Mohs micrographic surgery is a surgical technique for the treatment of nonmelanoma skin cancer. Surgery begins by removing the visible tumor before excision of the tissue specimens for evaluation of the tumor margins.

Objectives

To present a new way to evaluate the material obtained from debulking, by horizontal histological analysis of the fragment.

Methods

Descriptive retrospective cross-sectional study based on the medical records and histological lamellae of patients with primary basal cell carcinomas smaller than 1.5cm submitted to Mohs micrographic surgery and who had the visible tumor analyzed by horizontal histological sections.

Results

The sample evaluated included 16 patients with lesions located on the face. Comparing the histopathological examinations of incisional biopsy in vertical sections and debulking in horizontal sections, there was agreement in seven cases. The histological analysis performed in horizontal sections allowed identification of the tumor site in 13 cases, and the relation between tumor and margin showed that in 11 cases, the lateral margin was compromised.

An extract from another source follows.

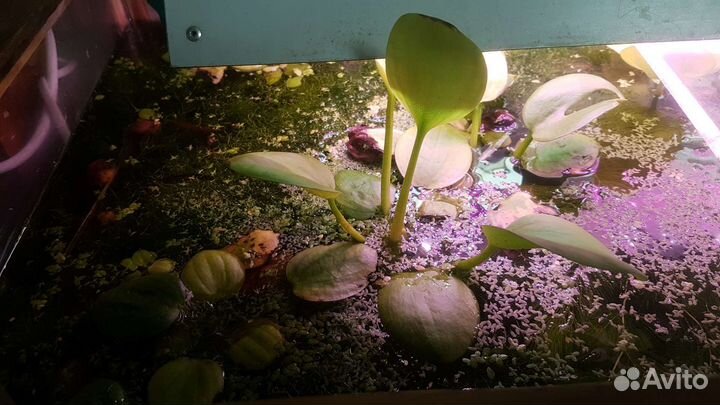 Аквариумные растения и креветки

Study limitations: The technique was better-applied in lesions smaller than 2cm.

Conclusion

Horizontal histological analysis of debulking has advantages for Mohs surgery, since it allows visualization of almost all tumor extension in the same view plane of the dermatoscopy, allowing better definition of the histological subtype, tumor site, and tumor/margin of lesions less than 1.5cm.

Keywords:
Carcinoma, basal cell
Mohs surgery
Pathology
Full Text
Introduction

Mohs micrographic murgery (MMS) is a surgical technique for the treatment of non-melanoma skin cancer.1 It consists of a series of standardized steps with precise and complete histological control of tumor margins, with superior cure rates, and maximum preservation of normal tissue in relation to conventional surgery.2 The correlation between the presence of tumor in the histological examination and its correct location on the surgical map is essential for complete resection of the lesion and preservation of normal tissue.1

The success of micrographic surgery is inherently linked to the reliability of each of the many steps that make up the technique.3 Since its first description by Frederic E. Mohs,4 micrographic surgery has been undergoing a constant process of modifications and adaptations, with the objective of developing technical variations that best adapt to the daily routine of dermatologic surgeons. However, the basic steps of the procedure are preserved4:

  • (1)

    Tumor removal;

  • (2)

    Delimitation of a margin ranging from2–5mm depending on histological type and tumor location;

  • (3)

    Removal of thin tissue layer containing the lateral margins and tumor bed;

  • (4)

    Mapping of the surgical specimen;

  • (5)

    Microscopic analysis with total control of margins;

  • (6)

    Selective excision of areas with residual tumor;

  • (7)

    End of the excision after obtaining free margins and posterior reconstruction of the surgical wound.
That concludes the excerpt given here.